Your assignment: Write out all the data verbatim. Skip images.

Dataset extract:
____________
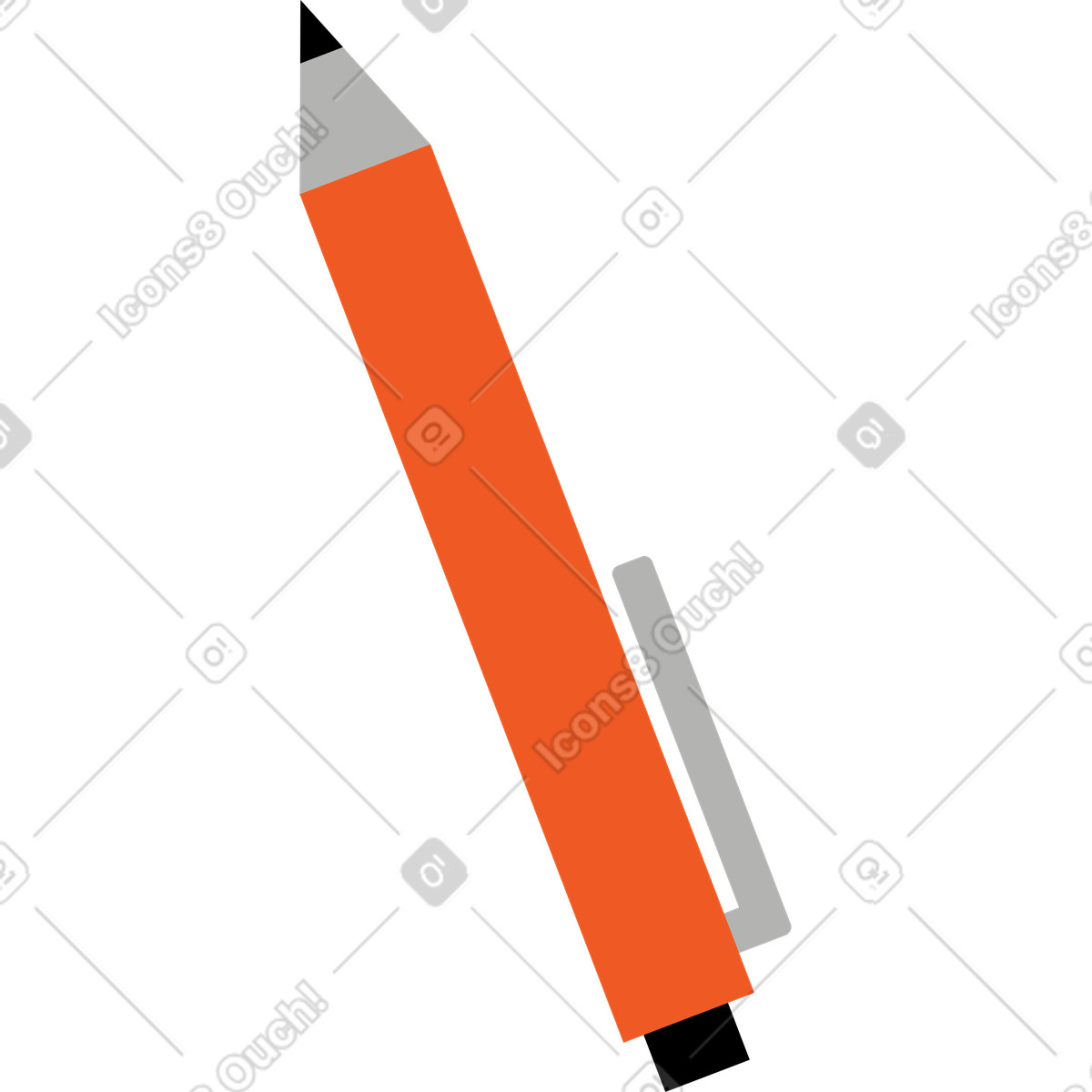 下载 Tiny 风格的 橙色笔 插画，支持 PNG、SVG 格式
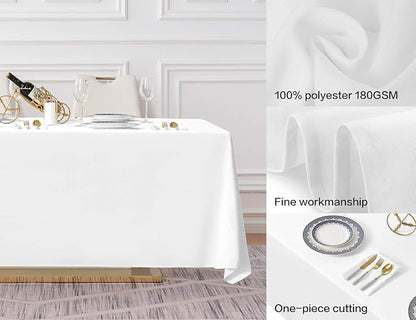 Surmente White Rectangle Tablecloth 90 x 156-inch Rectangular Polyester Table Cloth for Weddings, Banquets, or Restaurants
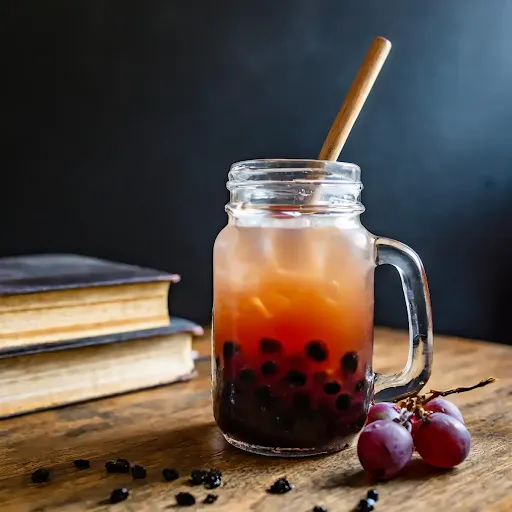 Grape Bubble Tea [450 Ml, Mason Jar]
____________
Your solution:
 下载 Tiny 风格的 橙色笔 插画，支持 PNG、SVG 格式
 Surmente White Rectangle Tablecloth 90 x 156-inch Rectangular Polyester Table Cloth for Weddings, Banquets, or Restaurants
 Grape Bubble Tea [450 Ml, Mason Jar]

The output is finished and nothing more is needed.